The onus for IoT security should be shared by a variety of stakeholders, according to survey respondents, with IoT security providers and cloud providers sharing the dubious honor of the top spot (60%), and IoT manufacturers (55%) and security specialists (50%) close behind.
To Hart, the responsibility is clearer. "It's down to the [IoT] manufacturers to make it a responsibility from day one," he says.
In his opinion, IoT security can be achieved through a combination of data encryption, authentication/access control, and key management that puts users in control of the keys. The strongest implementations of those technologies require components that must be built in by the manufacturer, he says. Just as there are rules about supply chain safety if there is a problem with your vacuum cleaner or Nespresso machine, there should be ways to protect data. "This isn't a new problem, he says.
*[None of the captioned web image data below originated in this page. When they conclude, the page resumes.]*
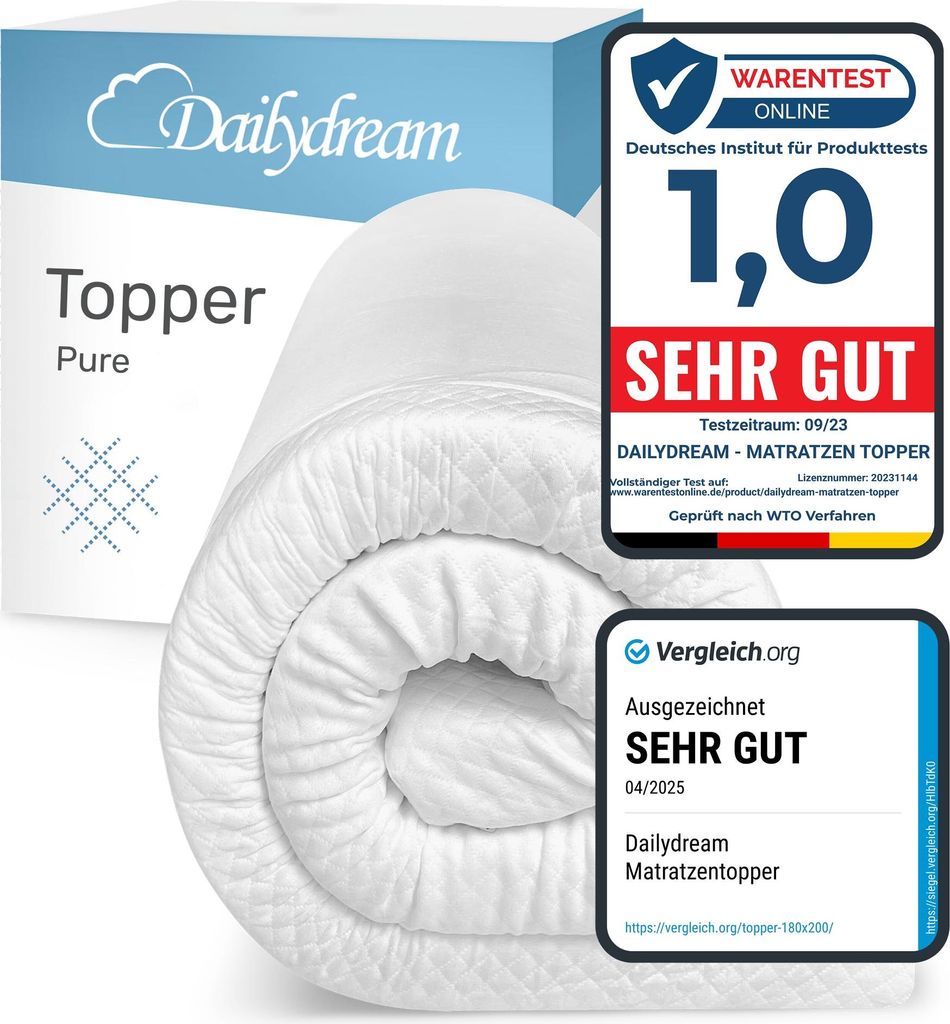 Dailydream Matratzentopper Pure Model XL – 160x200 cm – Höhe 9 cm – Visco Memory Foam – über 110 kg Model XL - über 110kg Körpergewicht...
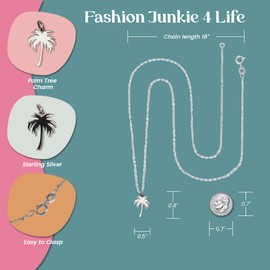 FashionJunkie4Life Palm Tree Necklace | 18” Sterling Silver Necklace with Sterling Silver Palm Tree Charm | Sterling Silver Tree Necklace for Men & Women
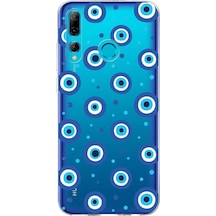 Huawei P Smart Plus 2019 İle Uyumlu 1mm Slim Fit Nazar Boncuğu 1 Baskılı Şeffaf Kılıf Şeffaf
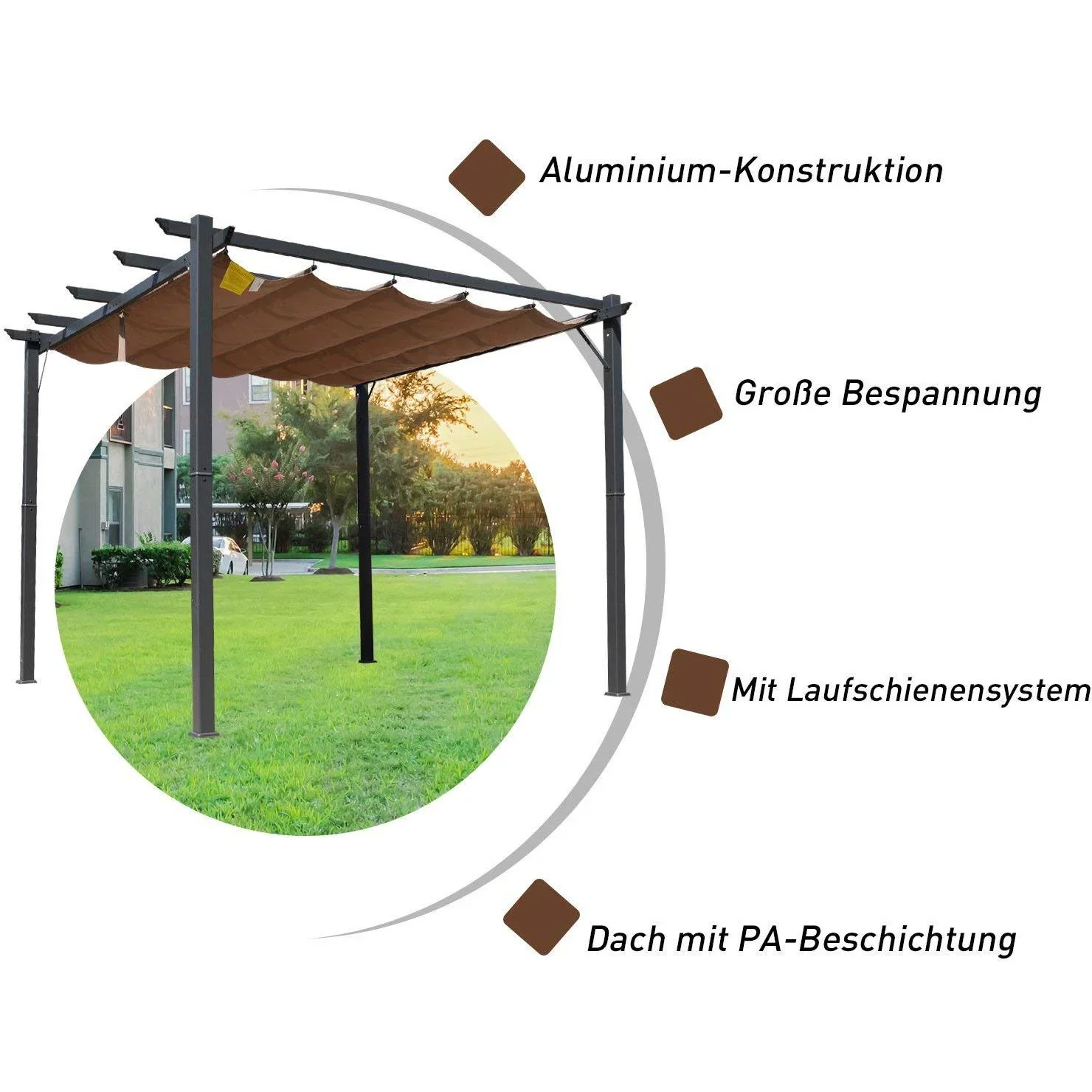Pergola mit Schiebedach - 0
There may be, however, a new awareness of the problem as it relates to cybersecurity.
Fourteen percent of survey respondents say the single best way to describe their organizations' views on IoT security is as "an ethical responsibility." This is an increase from just 4% in 2017.
Responses to the question indicate a shift toward security as business necessity, as opposed to a business add-on. There are increases in "a way to avoid costs of failure and brand damage" (from 9% in 2017 to 14%) and "regulatory requirement" (from 10% to 13%), but drops in "as a revenue driver" (from 18% to 9%), "as a secure foundation to offer new services" (way down from 32% to 24%), and "as a PR exercise to attract customers" (from 10% to 7%).
Companies are also increasing their investments in security, with 13.15% of their IoT spend devoted to security, up from 11.07% in 2017, according to the survey.
That investment may increasingly go to tackling data privacy and security. Respondents say that their top IoT challenges are ensuring data privacy (38%) and that large amounts of data are being collected (34%); authenticating device access and validating identities also made the list.
Most of the respondents are relatively confident in their ability to detect an IoT breach: Although only 48% say they are confident they could detect one on every IoT product, an additional 39% saud they could detect it on at least some.
"The key thing for me is the increased awareness of the privacy of data" and seeing the value of data, Hart says. "That's a huge step forward."